■ Exercise goal: Beginning at the line that holds "76 lbs Rd# 2", transcribe each line exactly through the end of the records, and leave any pictures out.

Stored data
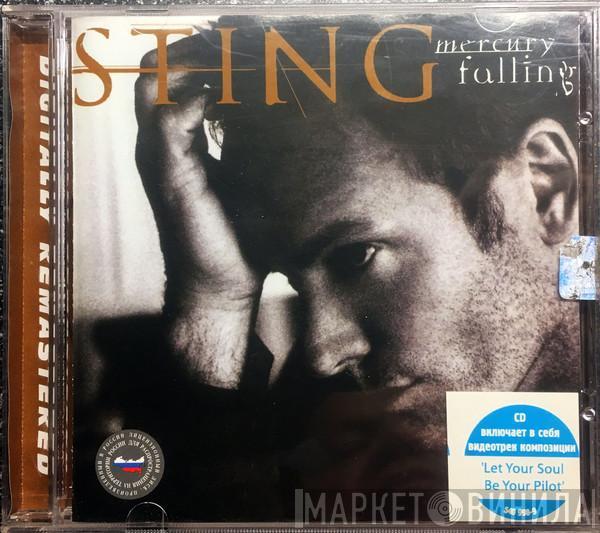  Sting  - Mercury Falling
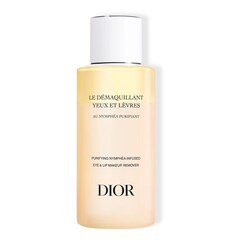 Le démaquillage au Nymphéa - Le Démaquillant biphase Yeux et Lèvres, DIOR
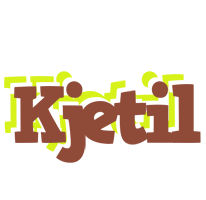 Kjetil caffeebar logo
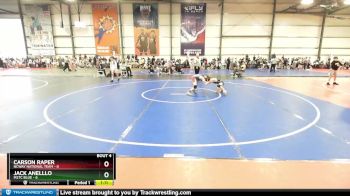 76 lbs Rd# 2 10:30am Friday - Jack Anelllo, M2TC Blue vs Carson Raper, NCWAY National Team
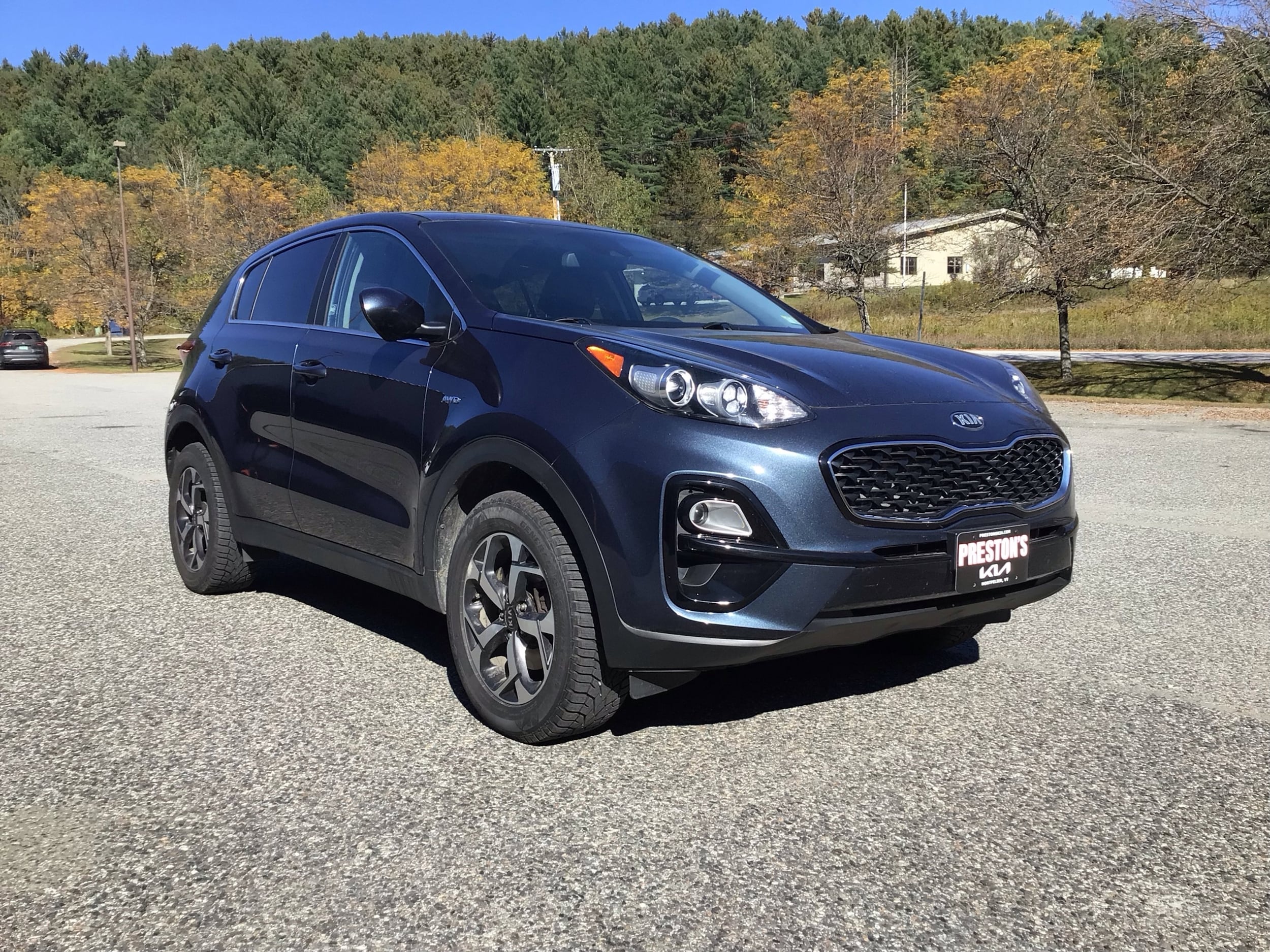 2022 Kia Sportage LX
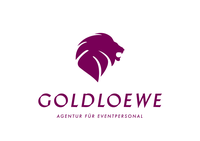 Logo Goldloewe — Messehostess, Hostess, Promoter, Agentur 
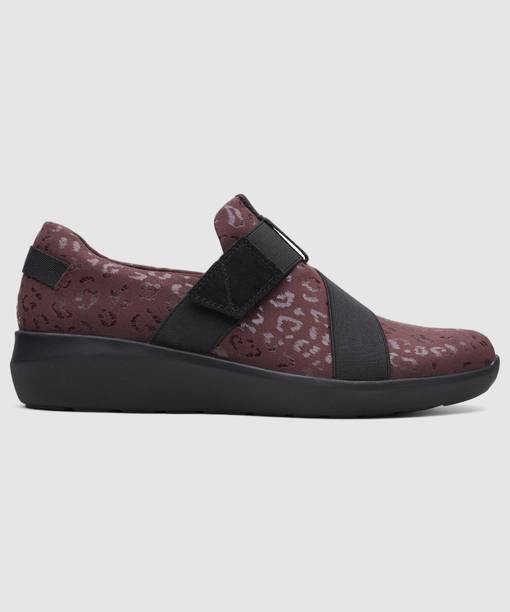 Kayleigh Charm BURGUNDY Casuals For Women
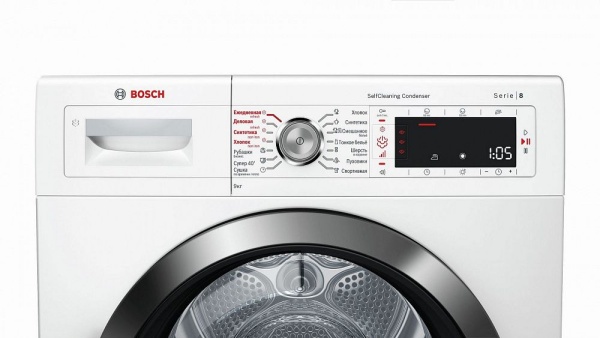 Сушильный автомат Bosch WTW 85561 OE купить с доставкой по Москве и Московской области в интернет-магазине ЕвроТехно
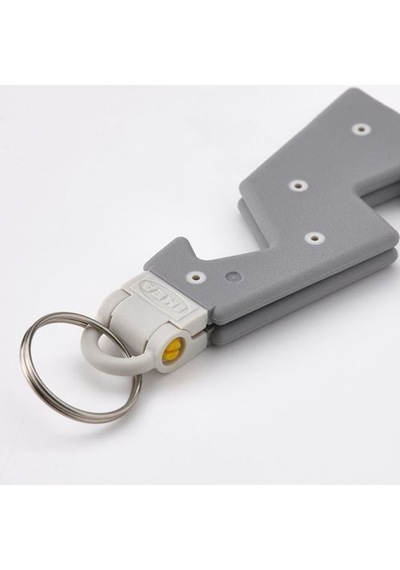 Ikea Yuppıenalle Telefon/tablet Standı, Gri, 8x4 Cm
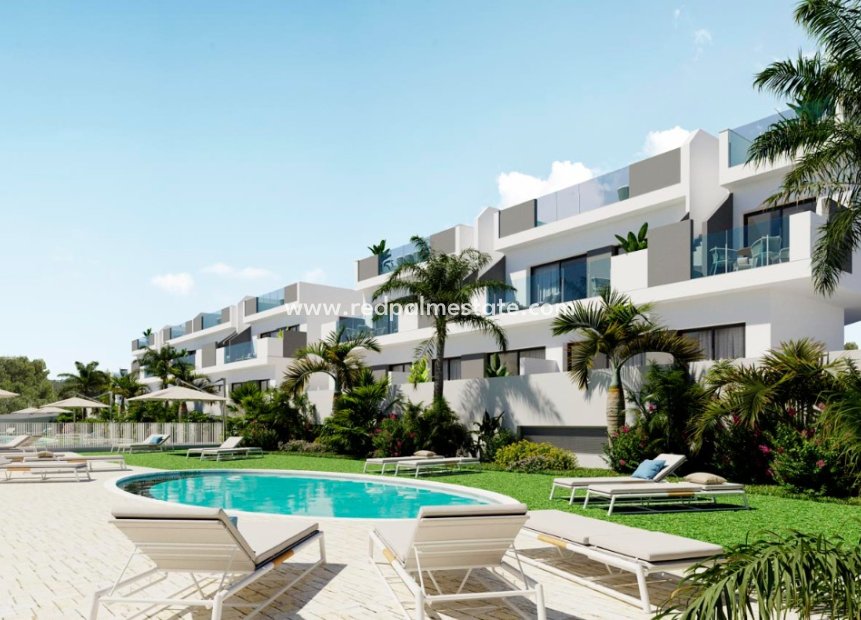 Nouvelle construction - Appartements -
Torrevieja - Los balcones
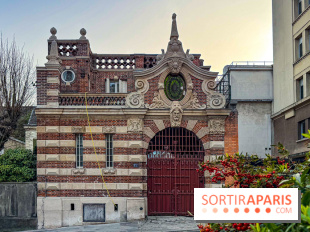 Le Portail aux escargots, le vestige étonnant de la demeure du fondateur de la haute couture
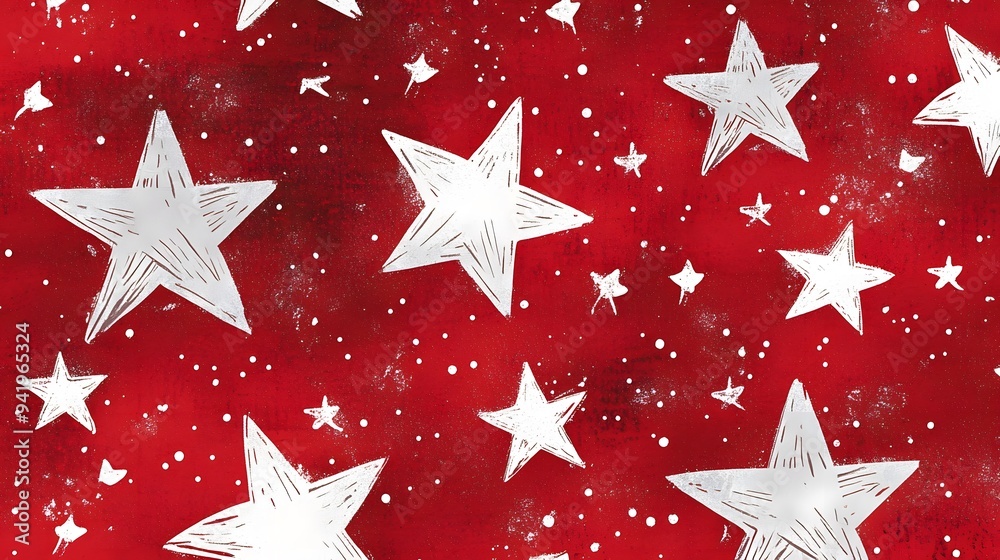 Silver Stars on Red Background, Abstract Image, Texture, Pattern, Wallpaper, Cover and Screen of Smartphone, Cell Phone, Computer, Laptop, 9:16 and 16:9 Format Silver Stars on Red Background, Abstract Image, Texture, Pattern, Wallpaper, Cover and Screen of Smartphone, Cell Phone, Computer, Laptop, 9:16 and 16:9 Format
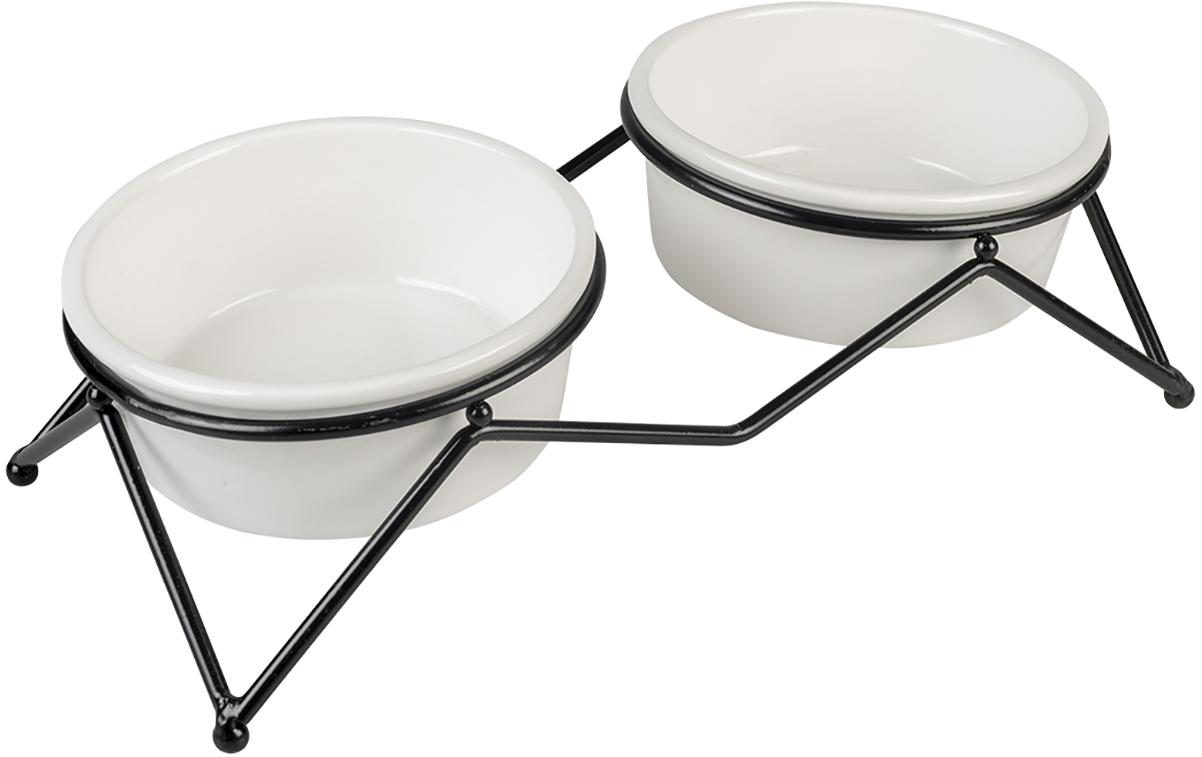 duvoplus Keramiknapf Stone UP zigzag, 29 x 13.2 x 7.8 cm, 280 ml duvoplus Keramiknapf Stone UP zigzag, 29 x 13.2 x 7.8 cm, 280 ml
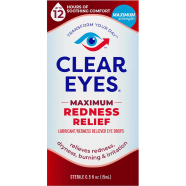 Clear Eyes Maximum Redness Relief Eye Drops 15 ml -464884531 image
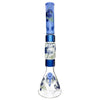 Prism Pipes 20” Moonlight Rose Tree Perc Beaker Bong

■ Problem solution:
 76 lbs Rd# 2 10:30am Friday - Jack Anelllo, M2TC Blue vs Carson Raper, NCWAY National Team
 2022 Kia Sportage LX
 Logo Goldloewe — Messehostess, Hostess, Promoter, Agentur 
 Kayleigh Charm BURGUNDY Casuals For Women
 Сушильный автомат Bosch WTW 85561 OE купить с доставкой по Москве и Московской области в интернет-магазине ЕвроТехно
 Ikea Yuppıenalle Telefon/tablet Standı, Gri, 8x4 Cm
 Nouvelle construction - Appartements -
Torrevieja - Los balcones
 Le Portail aux escargots, le vestige étonnant de la demeure du fondateur de la haute couture
 Silver Stars on Red Background, Abstract Image, Texture, Pattern, Wallpaper, Cover and Screen of Smartphone, Cell Phone, Computer, Laptop, 9:16 and 16:9 Format Silver Stars on Red Background, Abstract Image, Texture, Pattern, Wallpaper, Cover and Screen of Smartphone, Cell Phone, Computer, Laptop, 9:16 and 16:9 Format
 duvoplus Keramiknapf Stone UP zigzag, 29 x 13.2 x 7.8 cm, 280 ml duvoplus Keramiknapf Stone UP zigzag, 29 x 13.2 x 7.8 cm, 280 ml
 Clear Eyes Maximum Redness Relief Eye Drops 15 ml -464884531 image
 Prism Pipes 20” Moonlight Rose Tree Perc Beaker Bong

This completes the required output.